The property was left in a deplorable state. Two skip-bins worth of rubbish and furniture including used nappies and rotten food were removed. Every wall was damaged, the carpet needed to be replaced, and many fixtures were broken or damaged through misuse.
Fortunately, the owner has a good landlord insurance policy, which will pay for the rent arrears and loss of rent while the property was brought back to a tenantable state. But the owners were left out of pocket with the cleaning and repairs.
Unfortunately, this is not a unique story. When it comes to the human element, no-one can predict what will eventuate during the course of a tenancy. This is why we constantly remind owners to ensure they have a good insurance policy.
However, the particulars of this case also highlight the importance of choosing the right managing agent. There was no tenancy application form on file, indicating that the agent who placed this tenant did not check any references. Upon doing a search on TICA (tenant default database), we discovered that this tenant had been evicted from his previous rental property with thousands of dollars owing in rent, before moving into this one. This tenant should never have been placed in this property.
Having said that, there are also lessons to be learnt about decisions that are made during a tenancy. Our first property inspection in August revealed the damage that this tenant was causing to the property. This would have been apparent to both the first and second agents during their inspections. Despite this, the agents continued to renew the tenant’s lease. Furthermore, the lease had just been renewed when we took over, even though the tenant was currently on a Breach notice for rent arrears.

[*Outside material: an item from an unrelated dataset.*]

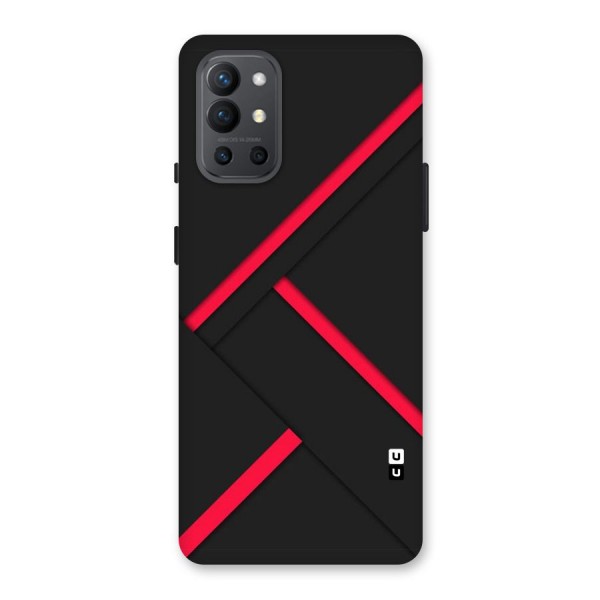 Red Disort Stripes Back Case for OnePlus 9R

Why would an agent recommend to an owner to renew a lease despite damage to the property and constant rent arrears? One can only assume a lack of care or proper process, or basic incompetence.
Our owner clients will be aware that our tenancy application procedure is very thorough, and our standards are unashamedly high. We have made it policy to not even present an application to an owner if we believe they pose an unacceptably high risk, such as the case in point.
While we understand that a vacant property is not desirable, placing a bad tenant who will damage the property and not pay rent is worse.
Just ask the owner of this property.